Reputation: 5531
How can I get the first child?
<div class="cities">
<div id="3232"> London </div>
<div id="131"> York </div>
</div>
How can I get London?
for div in nsoup.find_all(class_='cities'):
print (div.children.contents)
AttributeError: 'listiterator' object has no attribute 'contents'
Upvotes: 22
Views: 50487
Reputation: 84465
With modern versions of bs4 (certainly bs4 4.7.1+) you have access to :first-child css pseudo selector. Nice and descriptive. Use soup.select_one
if you only want to return the first match i.e. soup.select_one('.cities div:first-child').text
. It is considered good practice to test is not None
before using .text
accessor.
from bs4 import BeautifulSoup as bs
html = '''
<div class="cities">
<div id="3232"> London </div>
<div id="131"> York </div>
</div>
'''
soup = bs(html, 'lxml') #or 'html.parser'
first_children = [i.text for i in soup.select('.cities div:first-child')]
print(first_children)
Upvotes: 15
Reputation: 59974
The current accepted answer gets all cities, when the question only wanted the first.
If you only need the first child, you can take advantage of .children
returning an iterator and not a list.
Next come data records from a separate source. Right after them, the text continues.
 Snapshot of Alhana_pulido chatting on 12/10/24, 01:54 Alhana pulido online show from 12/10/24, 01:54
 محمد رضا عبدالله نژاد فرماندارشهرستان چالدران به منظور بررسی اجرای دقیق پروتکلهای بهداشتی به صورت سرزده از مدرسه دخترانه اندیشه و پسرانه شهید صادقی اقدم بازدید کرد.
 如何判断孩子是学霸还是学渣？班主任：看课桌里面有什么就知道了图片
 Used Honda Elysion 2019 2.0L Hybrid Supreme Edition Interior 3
Remember that an iterator generates list items on the fly, and because we only need the first element of the iterator, we don't ever need to generate all other city elements (thus saving time).
for div in nsoup.find_all(class_='cities'):
first_child = next(div.children, None)
if first_child is not None:
print(first_child.string.strip())
Upvotes: 9
Reputation: 11543
div.children returns an iterator.
for div in nsoup.find_all(class_='cities'):
for childdiv in div.find_all('div'):
print (childdiv.string) #london, york
AttributeError was raised, because of non-tags like '\n'
are in .children
. just use proper child selector to find the specific div.
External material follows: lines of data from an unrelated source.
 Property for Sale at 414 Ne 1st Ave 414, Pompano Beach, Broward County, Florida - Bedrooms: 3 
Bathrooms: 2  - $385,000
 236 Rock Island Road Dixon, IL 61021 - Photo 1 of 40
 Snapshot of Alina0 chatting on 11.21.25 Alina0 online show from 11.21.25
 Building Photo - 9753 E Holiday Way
(more edit) can't reproduce your exceptions - here's what I've done:
In [137]: print foo.prettify()
<div class="cities">
<div id="3232">
London
</div>
<div id="131">
York
</div>
</div>
In [138]: for div in foo.find_all(class_ = 'cities'):
.....: for childdiv in div.find_all('div'):
.....: print childdiv.string
.....:
London
York
In [139]: for div in foo.find_all(class_ = 'cities'):
.....: for childdiv in div.find_all('div'):
.....: print childdiv.string, childdiv['id']
.....:
London 3232
York 131
Upvotes: 14